La transmission des expériences est souvent conçue sur le mode d’une « montée en généralité », au sens où chaque collectif d’acteurs devrait parvenir à dégager – à extraire – de son expérience certaines problématiques de portée plus universelle qui pourraient, dès lors, se transmettre et se partager. Pour ma part, je me méfie de ce détour supposé obligé par le « haut » et par la verticalité à des fins de transmission et de partage.
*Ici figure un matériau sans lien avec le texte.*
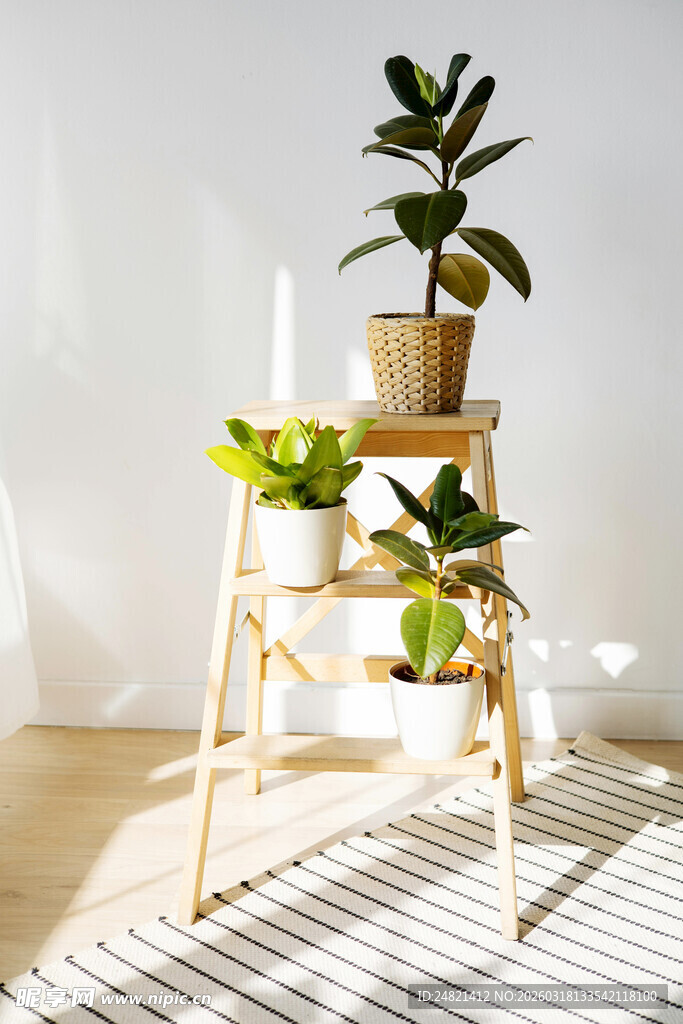 简约木质花架上的绿植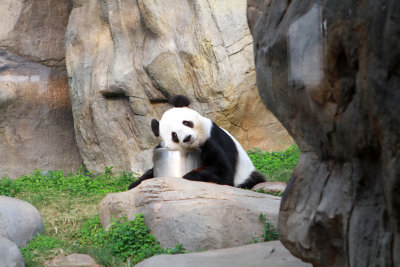IMG_8352-OK.jpg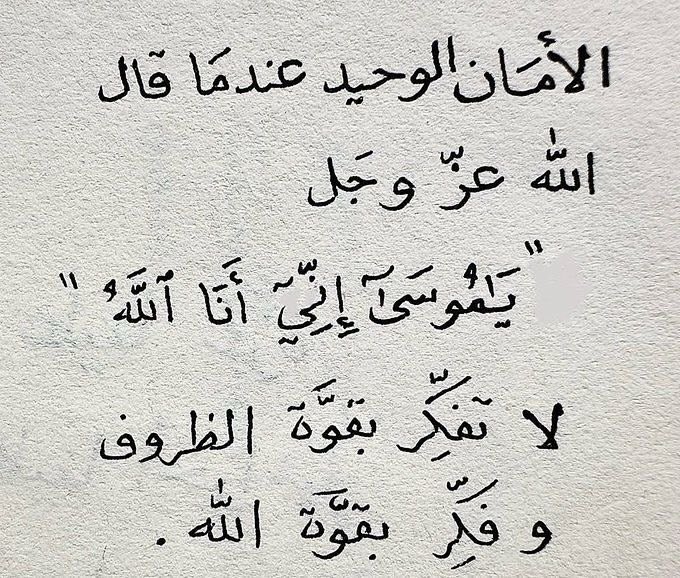 نوره..🧪 tweet media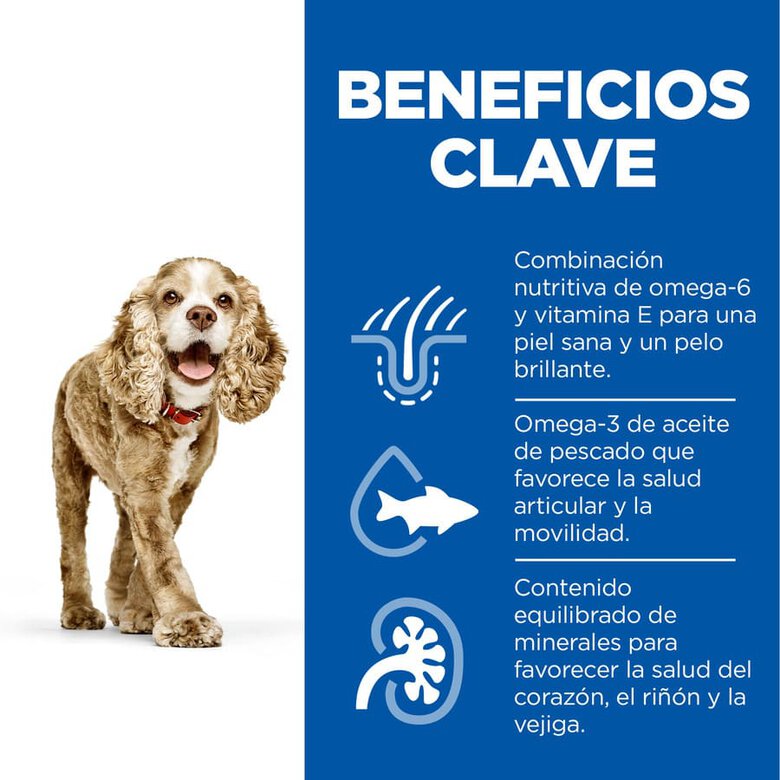 Hill's Science Plan Senior 11+ Small & Mini pollo pienso para perros, , large image number null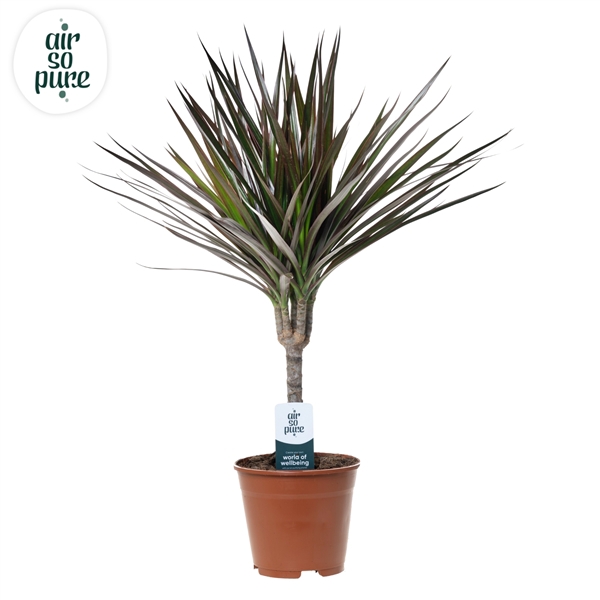 <h4>Dracaena Magenta p14 (Air So Pure)</h4>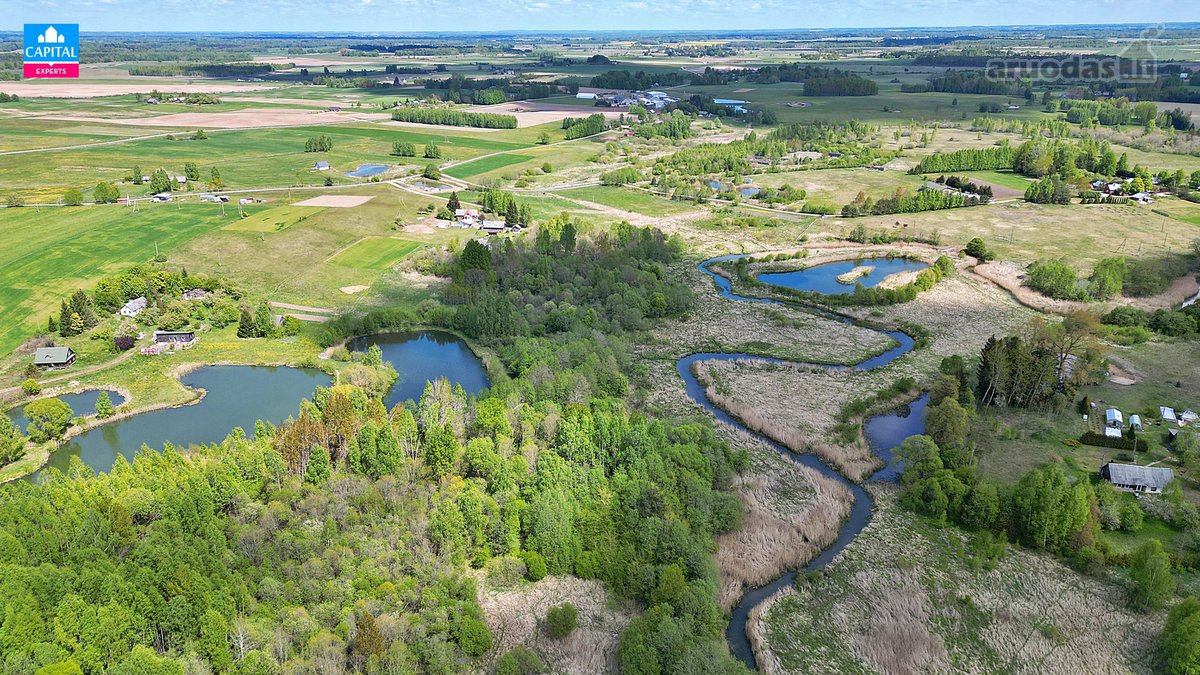 Parduodamas 5,38 ha žemės ūkio sklypas su - nuotraukos Nr. 9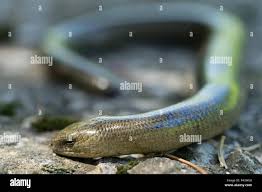 Attēlu rezultāti vaicājumam “Anguis fragilis”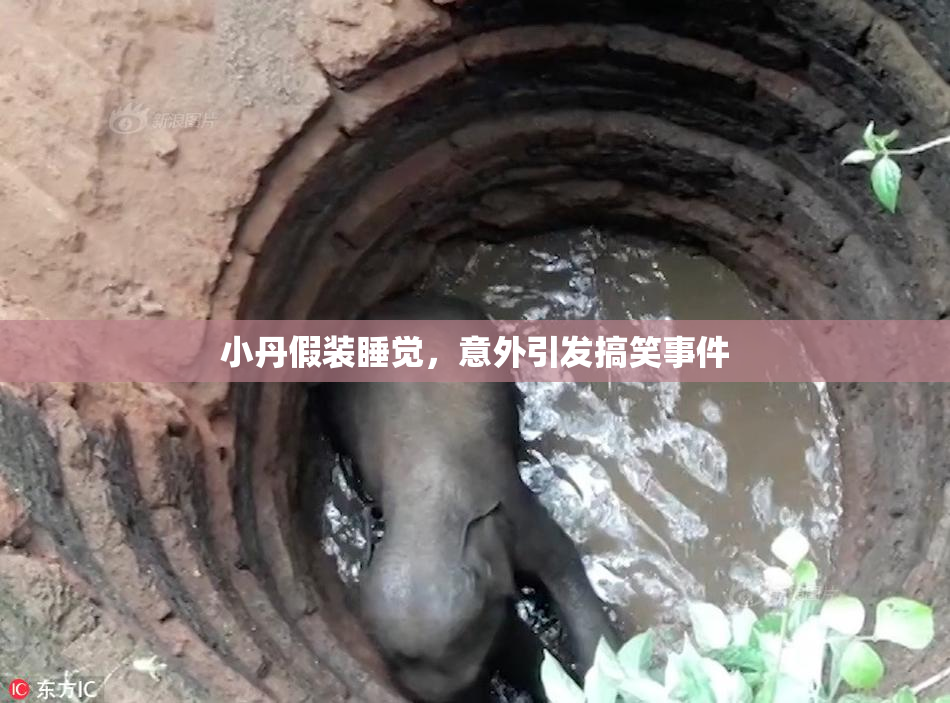 小丹假装睡觉，意外引发搞笑事件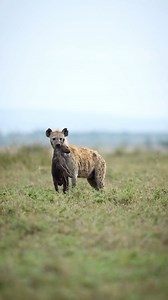 Hyenas are among the most misunderstood predators, yet their intelligence, complex social structure, and strong family bonds make them truly remarkable. Watching a clan interact up close in the Serengeti was a privilege—witnessing their cooperation, playful moments, and intricate hierarchy unfold in real-time. Far from being mere scavengers, they are skilled hunters and key players in the ecosystem. An unforgettable experience with one of nature’s most fascinating species. #safari #travel #james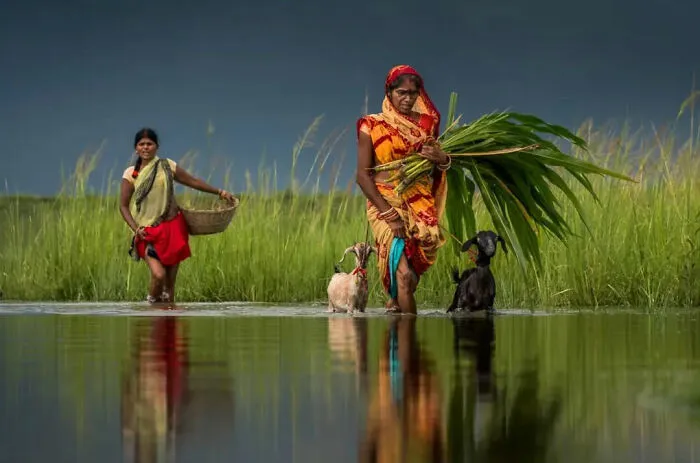 Ženy prechádzajú cez rieku s košom a zeleninou, sprevádzané kozami na vidieckom vidieku.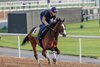 Facteur Cheval, Trackwork, Dubai World Cup 2024, Meydan Racetrack March 28, 2024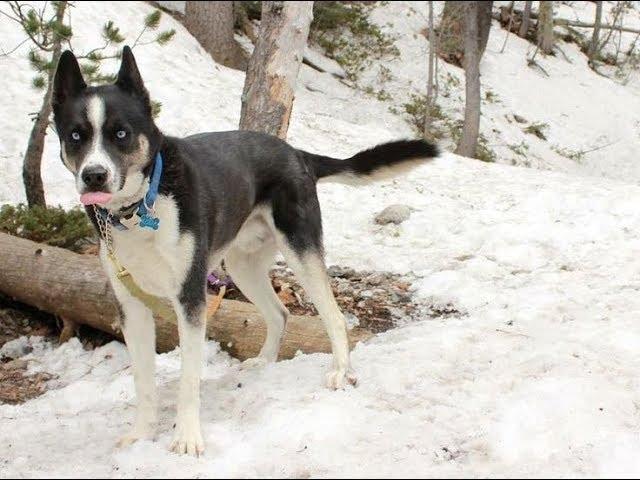 American Pitbull Terrier & Husky Mix : The Pitsky Dog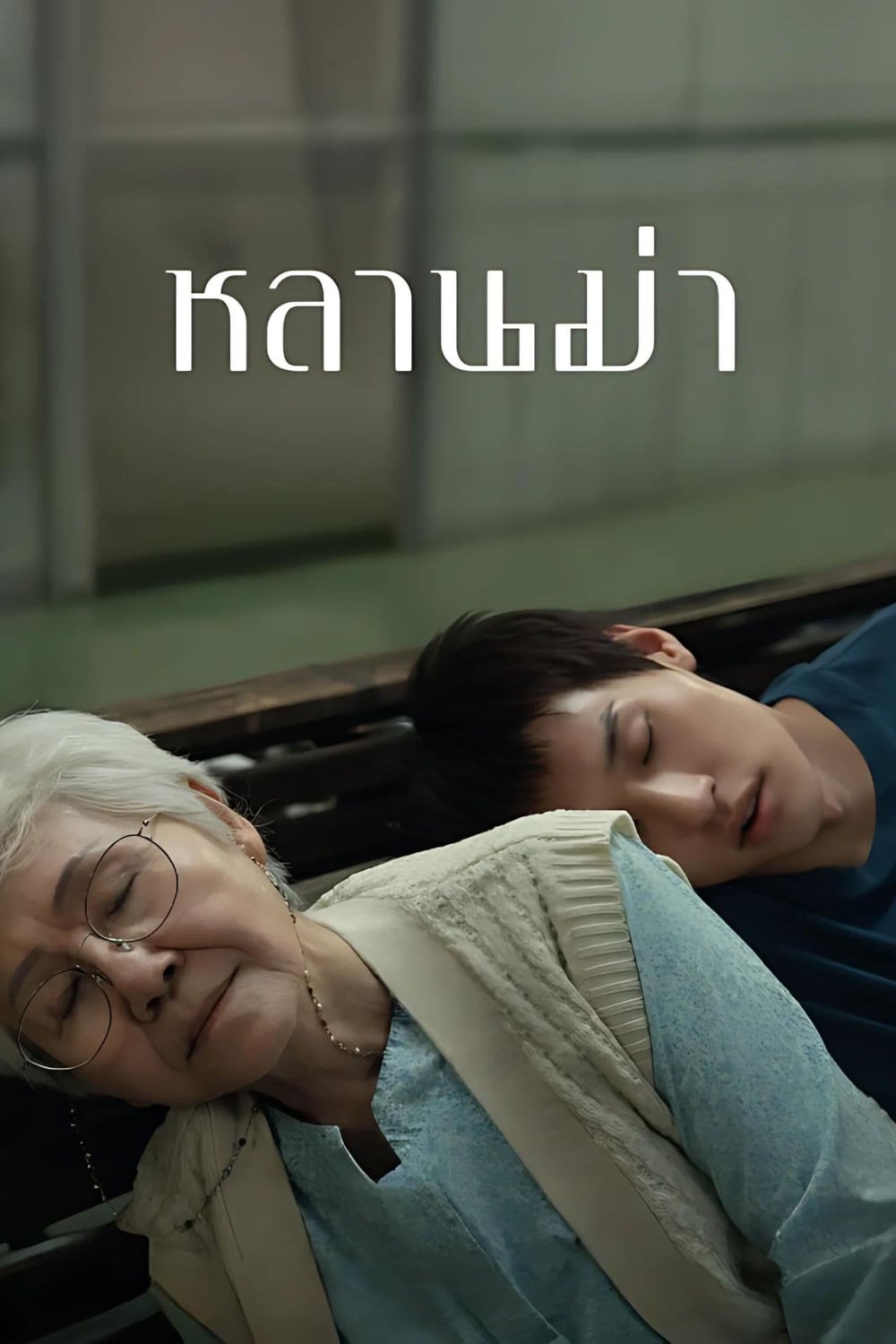 姥姥的外孙-How.to.Make.Millions.Before.Grandma.Dies-2024-Poster-1000x1500.jpg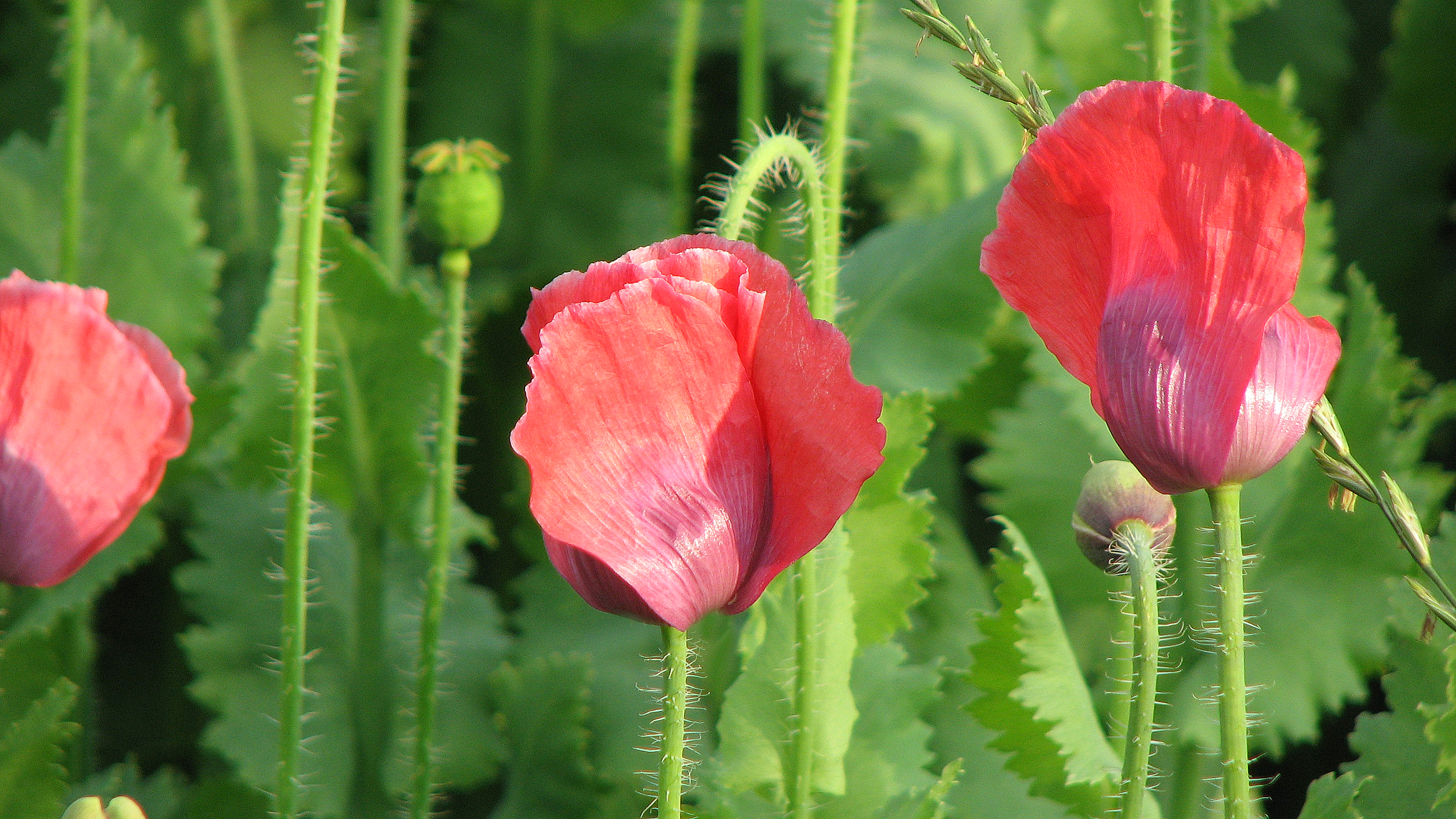 Schlafmohn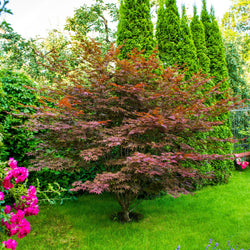 Plantes d'extérieur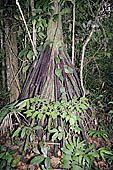 Erika Lodge and the jungle in the Manu reserve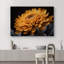 Fleur, "Gerbera, chrysanthème, fleur, gros plan, photographie, art moderne, décor champêtre" sur toile-99544023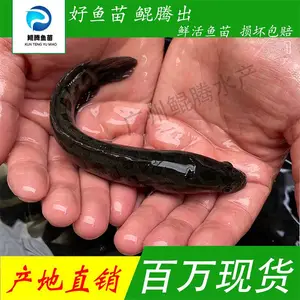 乌鳢苗黑鱼苗活体淡水养殖生乌鱼财鱼苗乌鳢路亚凶猛肉食性鱼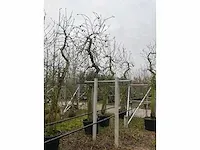 Appelboom elstar (3x) - afbeelding 3 van  4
Je crains que cette démarche ne fasse violence aux expériences, qui devraient en quelque sorte extirper d’elles-mêmes une réalité généralisable et, en conséquence, laisser dans l’incommunicable une part significative, voire essentielle, de ce qui aura été développé. Ce qui me préoccupe dans ce schéma, c’est qu’à aucun moment ne sont énoncés les critères de la généralisation, à savoir les facteurs à prendre en compte pour faire la part des choses, la part entre le général et le particulier, entre le généralisable et l’irréductible singularité. Cette ligne de partage est rarement abordée en tant que telle. Et pourtant, si nous suivons les analyses de Jacques Rancière, il s’agit d’une question politique tout à fait centrale. Qui décide, et comment, de ce qui est généralisable ou non, de ce qui peut franchir les limites de l’expérience (le conçu) et de ce qui restera confiné dans le vécu, de ce qui est audible et de ce qui est maintenu silencieux ? Bien qu’ils ne soient pas énoncés précisément, ces critères politiques qui déterminent « la part et l’absence de part », pour le dire dans les termes de Rancière [1], n’en sont pas moins parfaitement opérants. Le fait de ne pas les expliciter nous expose à réitérer passivement (ou paresseusement) des critères convenus, plutôt conservateurs, considérés comme des évidences. Même si nous nous montrons vigilants, nous risquons de ne transférer que le caractère performant, utile, réussi de l’expérience, au détriment certainement de ses hésitations, de ses malentendus et du jeu toujours perturbant des affects. Au pire, dans une société où le temps et la disponibilité deviennent une ressource rare, nous serons conduit à ne communiquer que les aspects les plus facilement formalisables de l’expérience – sur le mode d’un tableau à double entrée, point positif / point négatif – en laissant de côté nombre d’aspects qui ne nous deviennent accessibles que par un effort rigoureux de formulation, d’énonciation et de mise en récit.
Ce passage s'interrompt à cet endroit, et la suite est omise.